Not to bum you out, but when setting up loans in Quicken 2012, your principal-interest breakdown will often be wrong. You may calculate interest expense as $544.55 when your bank calculates it as $544.56. A few pennies here, a few pennies there, and pretty soon, your account balance and interest expense tallies are a few pennies off.

You can try calling the bank, telling whomever you talk to what a bozo he (or she) is, and then demanding that someone there correct your balance.

Or (and this method is really more practical) you can adjust your records to agree with the bank’s records. Here’s how:

  1. Display the register for the liability.

    To get to this account’s register, you just click the account name on the Accounts bar.

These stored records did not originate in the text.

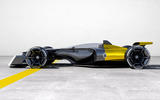 Renault RS 2027 Vision concept
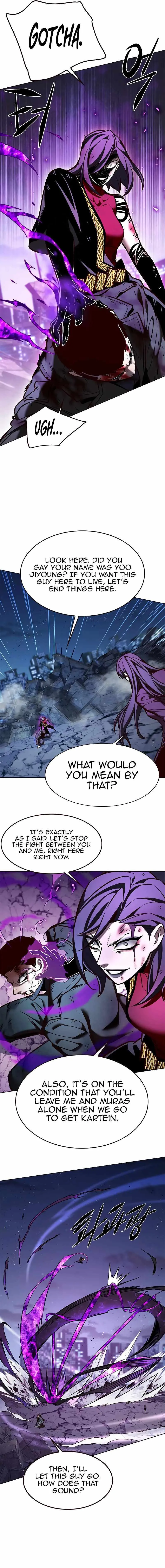 Eleceed chapter 267 page 12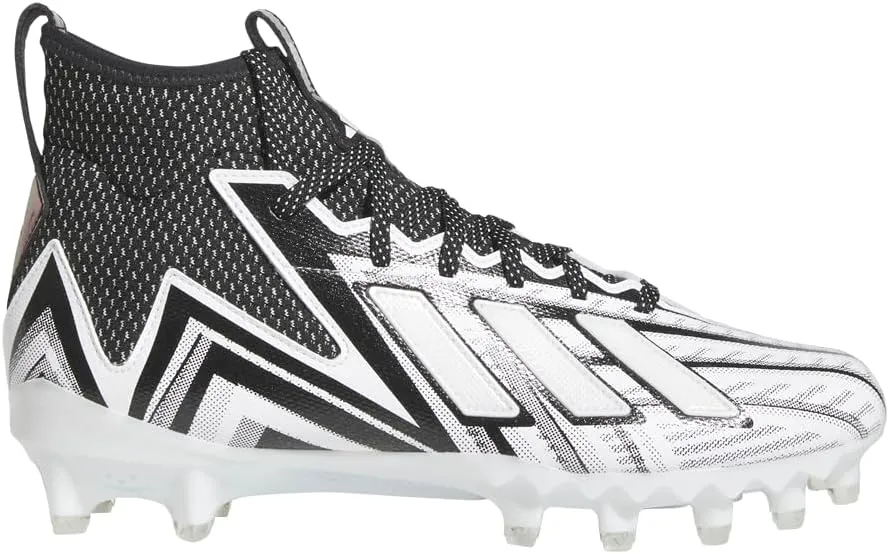adidas Mens Freak 23-7V7 Football Sneakers Shoes - Multi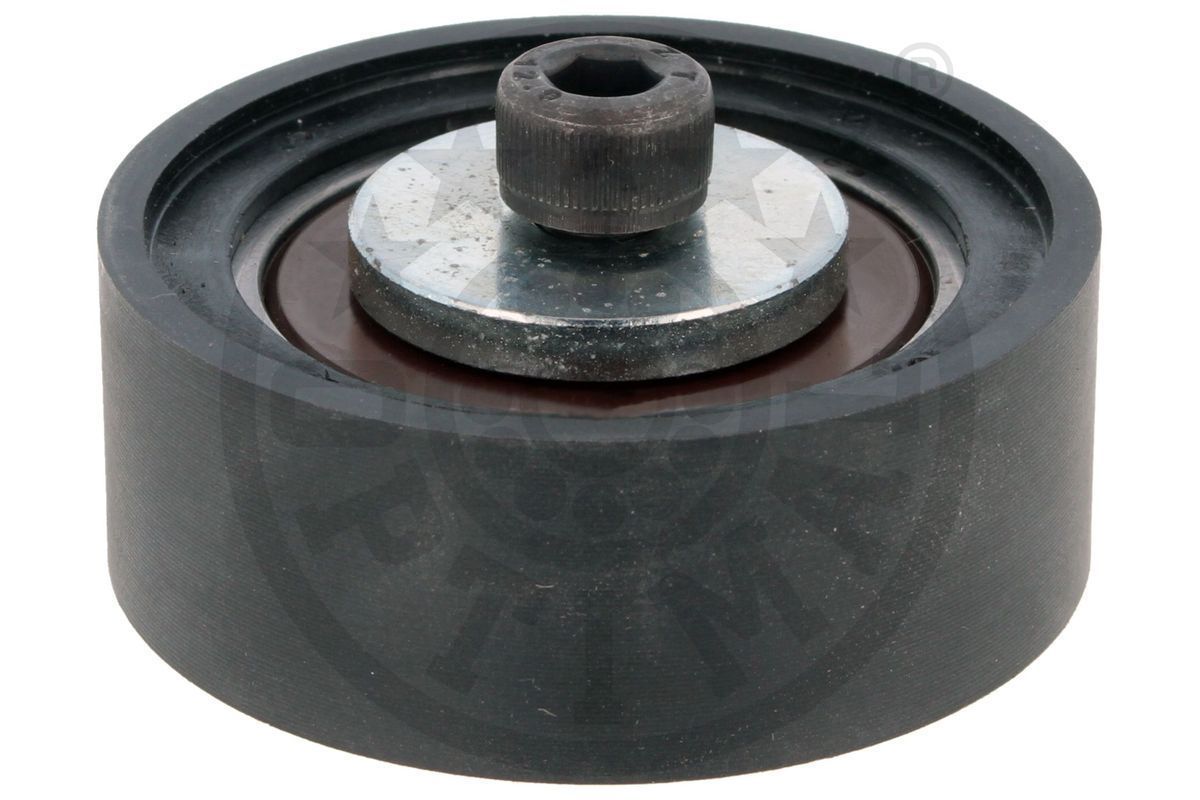 Kreipiantysis skriemulys, V formos rumbuotas diržas OPTIMAL 0-N144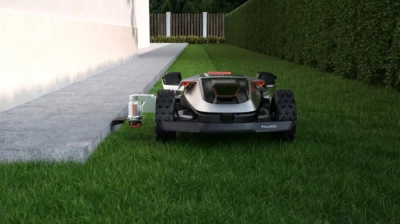 SUNSEEKER X9 Gen 2 RTK ELITE ROBOTIC LAWN MOWER CEDRUS X9 Gen 2 RTK AUTOMATIC LAWN MOWER CEDRUS C-MOW X9 Gen 2 12,000 m² WIRELESS / CORDLESS - OFFICIAL DISTRIBUTOR - AUTHORIZED SUNSEEKER DEALER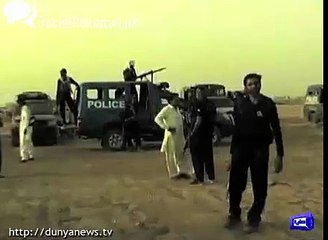 RAW-trained banned outfit's commander arrested in Rahim Yar Khan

  2. Click the Account Actions button and choose the Update Balance command.

    (Go ahead. Tap your keys very hard if you’re angry that the bank won’t adjust its records.) Quicken displays the Update Balance dialog box.


  3. Enter the correct account balance (that is, the one that the bank says is correct).

    Type the correct figure in the New Balance text box. (The amount probably comes from the year-end or month-end loan statement.)

  4. Enter the last day of the month or year for which you’re making the adjustment.

    Enter a transaction date in the Adjustment Date text box. (You must use a transaction date that sticks the adjustment transaction — which fixes the principal-interest split — into the right month or year.)

  5. Record the adjustment.

    When the Update Account Balance dialog box correctly describes the needed adjustment, click OK.